Wikipedia Scraper
For a recent project, Nickycakes had to code a Wikipedia scraper. Here’s a simplified version of the function for you to use if you want. This code requires a few library files, which are included in LIB_http.zip.
Enjoy:
include('LIB_http.php');
include('LIB_parse.php');
function wikiscrape($topic){
$target = "http://en.wikipedia.org/wiki/".urlencode($topic);
$results = http_get($target,"");
$paragraphs = parse_array($results['FILE'],"<p>","</p>",EXCL);
foreach($paragraphs as $paragraph){
$paragraph = strip_tags($paragraph);
$paragraph = preg_replace("[\[.*\]]","",$paragraph);
if ($paragraph){
$final = $final . $paragraph . "\n\n";
}
}
return $final;
}






Well now.
Combine that with the dialectizer: http://www.rinkworks.com/dialect/
and you are one step closer to enormous cosmic power!
What type of info would you scrape from wikipedia?
articles, generally. say you have a database site with a bunch of different topics and you want to quickly add a bunch of content. you could scrape a wikipedia article about each one, etc..
Why scrape wikipedia when you can download the entire database dump for free? -> http://en.wikipedia.org/wiki/Wikipedia:Database_download
yeah, downloading the db is good sometimes, but its hard to automatically grab a relevant article without google. the best way to do it is to search google with like:
site:wikipedia.org yourtopic
and then scrape the first result
sample please…
Its code-overkill… why use the WebbotsSpidersScreenScraper_Libraries when a line of Curl with about 3 lines of Curl Setopt will do the same thing
Cause i use the wrappers for everything and so writing it with curl manually is code overkill.
seems like pretty much all the results have a bunch of special chars that don’t want to render. any ideas?
that’s a matter of encoding. if you’re in firefox and go to view->character encoding and select utf8 or whatever, it should work fine.
sweet. worked. thanks, script works charmingly.
=))
u the man yet again ..thnx nickycakes.
Thx for the script – it works great! But how can you limit the amount of data returned? Ie – stop the data returned after about 3 paragraphs, or limit the number of characters returned?
Hello!
I am using your wonderful script, but only offline, when using it on my live webserver nothing is displayed!

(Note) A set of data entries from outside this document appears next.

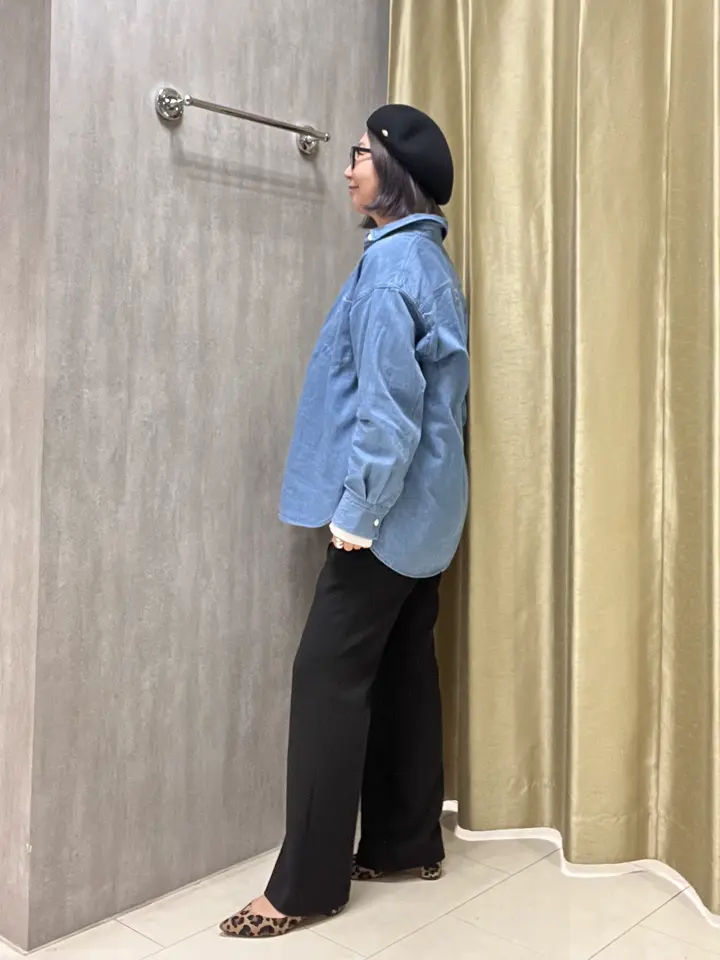 ONWARD CROSSET SELECT 作山 コーディネート画像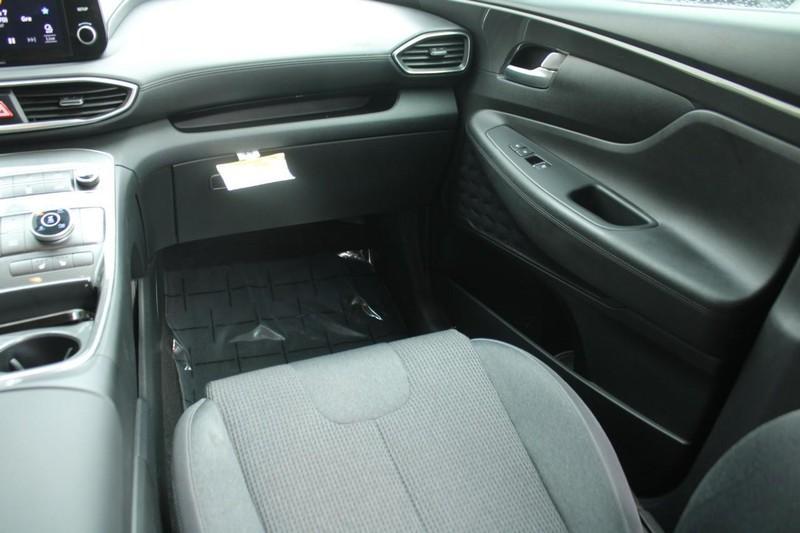 used 2022 Hyundai Santa Fe car, priced at $24,700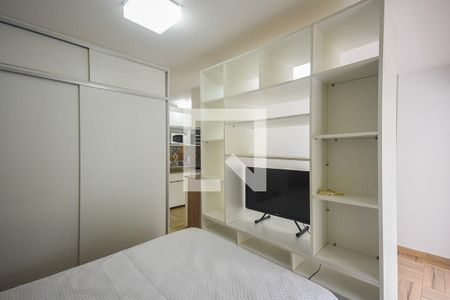 Apartamento à venda com 39m², 1 quarto e 1 vagaQuarto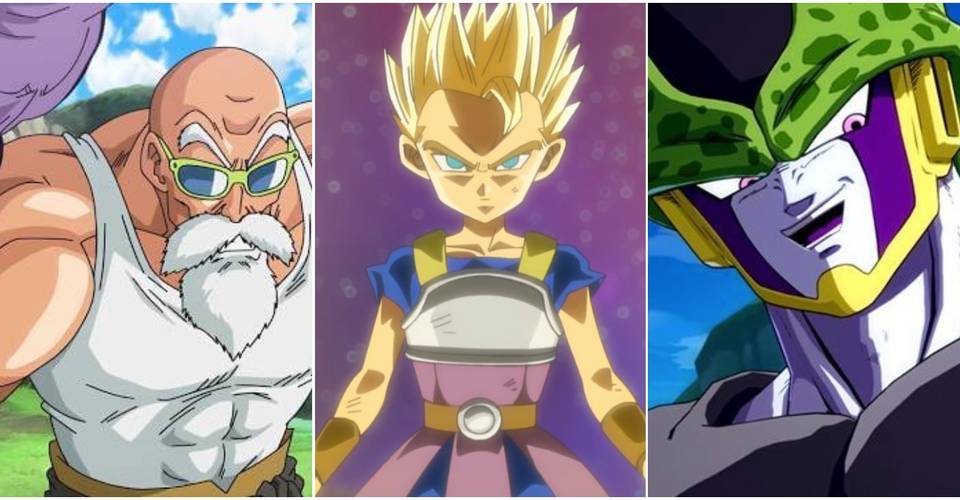 Dragon Ball 5 Characters Cabba Can Defeat (& 5 He Cant) Dragon Ball 5 Characters Cabba Can Defeat (& 5 He Cant)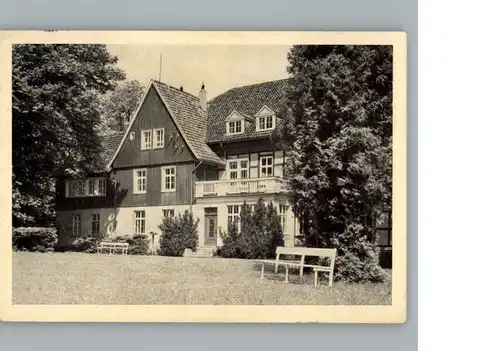 Oesterholz-Haustenbeck Sternenhof / Schlangen /Lippe LKR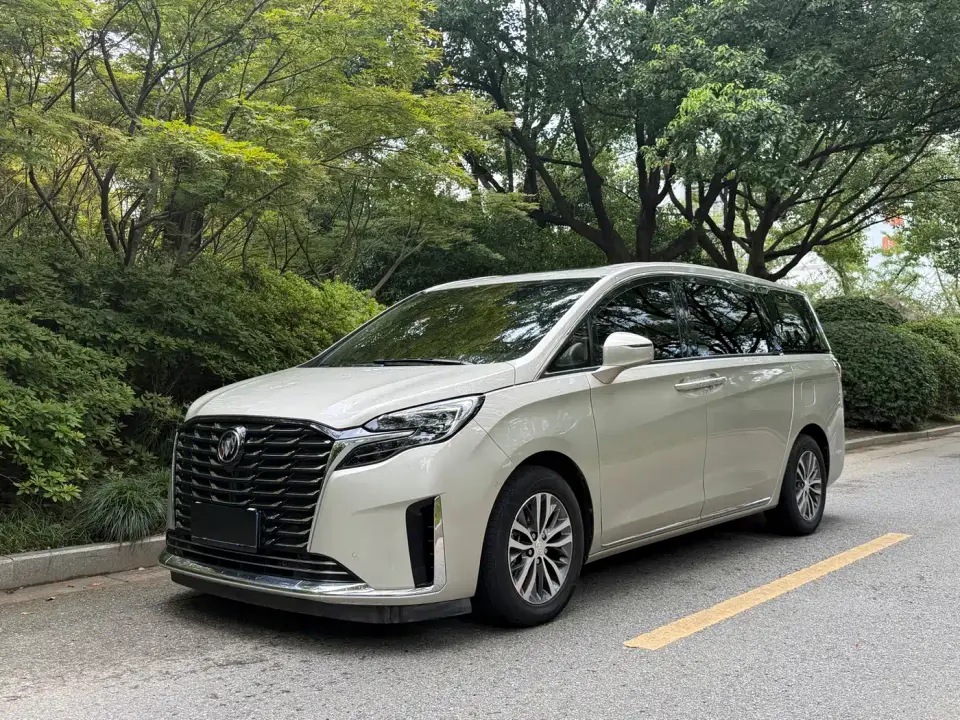 Buick GL8 ES Landmaster Exclusive 2023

Is there any settings or modules I need to install on the webserver in order for it to get working?
Please help, I must get this Wikipedia scraping working.
Kind regards and thanks for a wonderful article!
/Daniel
Thanks for the script – very useful. The script can be a little picky with regard to capital letters – by constructing the exact wikipedia url from the topic you provide, the capitalisation has to be exact or the search will fail. I solved this by pointing my script at the search function instead. This also gets around the problem of topics with more than one word – the wikipedia urls use underscores ( _ ) rather than spaces, so wouldn’t return a result.
It’s easy and just requires one line to be changed:
change:
$target = “http://en.wikipedia.org/wiki/”.urlencode($topic);
to:
$target=”http://en.wikipedia.org/w/index.php?title=Special:Search&search=”.urlencode($topic).”&ns0=1&redirs=0″;
I also put a character limit in to prevent very small paragraphs being returned:
change:
if ($paragraph){
to:
if ($paragraph AND strlen($paragraph)>80){
to be fair, i posted that several years ago
Oh yeah! Oh well, still a handy little script – ones I have used in the past stopped working a while ago.